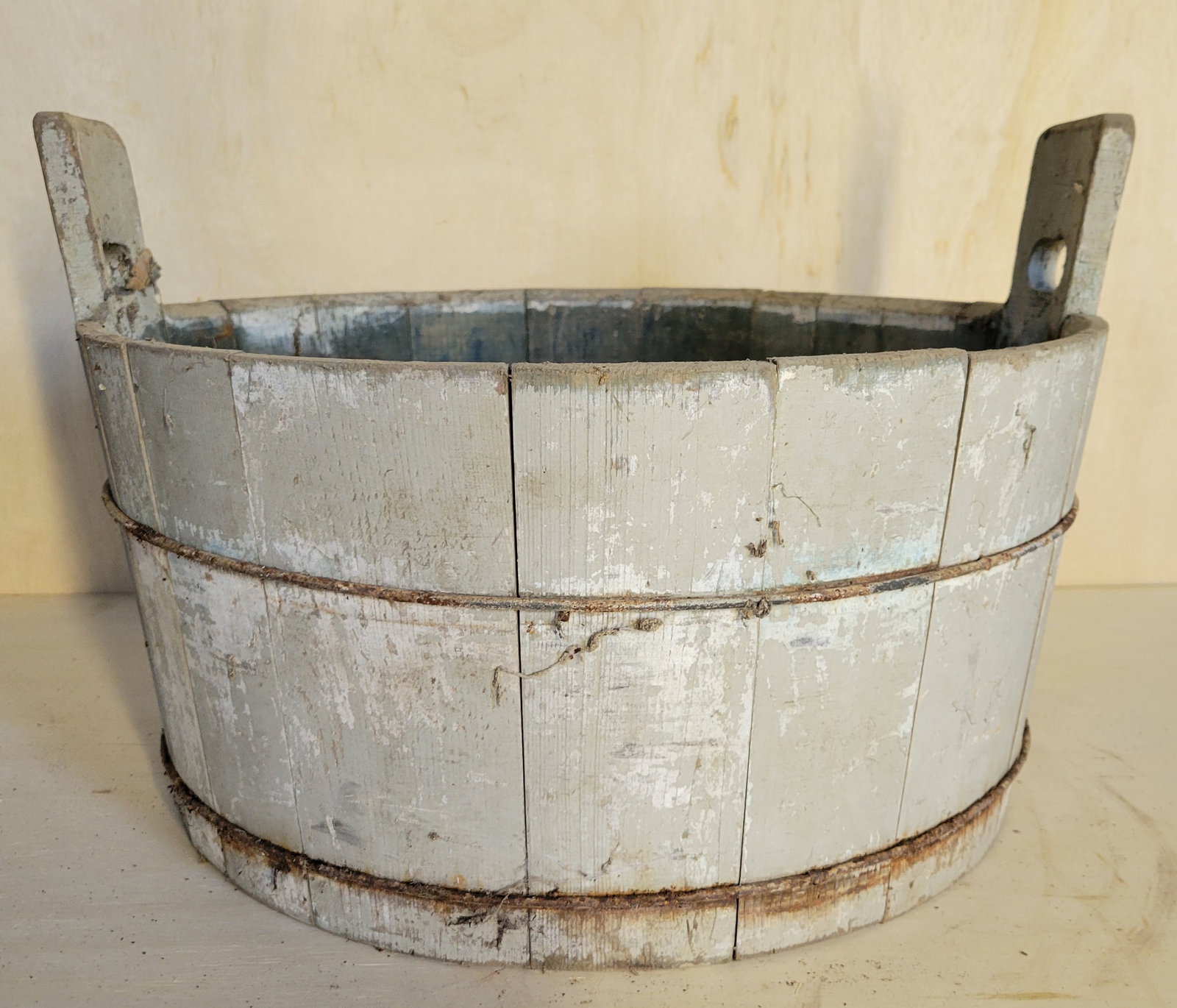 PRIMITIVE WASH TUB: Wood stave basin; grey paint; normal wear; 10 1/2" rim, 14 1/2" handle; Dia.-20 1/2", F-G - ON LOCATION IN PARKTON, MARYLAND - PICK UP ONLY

--------

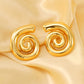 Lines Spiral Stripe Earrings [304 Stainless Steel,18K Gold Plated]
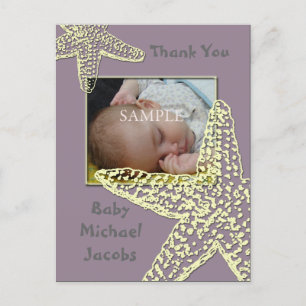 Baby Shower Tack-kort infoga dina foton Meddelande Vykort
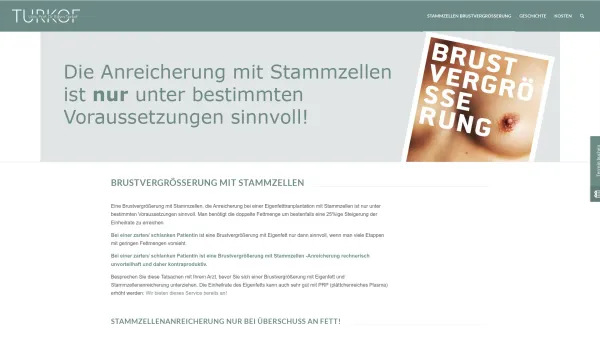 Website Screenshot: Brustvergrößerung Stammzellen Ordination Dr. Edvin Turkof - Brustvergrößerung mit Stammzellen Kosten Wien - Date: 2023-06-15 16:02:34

--------

Your instructions = With the pictures omitted, print the lines above exactly, beginning at the line with "Baby Shower Tack-kort" and going on through the line with "Website Screenshot: Brustvergrößerung".

Answer to this exercise =
 Baby Shower Tack-kort infoga dina foton Meddelande Vykort
 Website Screenshot: Brustvergrößerung Stammzellen Ordination Dr. Edvin Turkof - Brustvergrößerung mit Stammzellen Kosten Wien - Date: 2023-06-15 16:02:34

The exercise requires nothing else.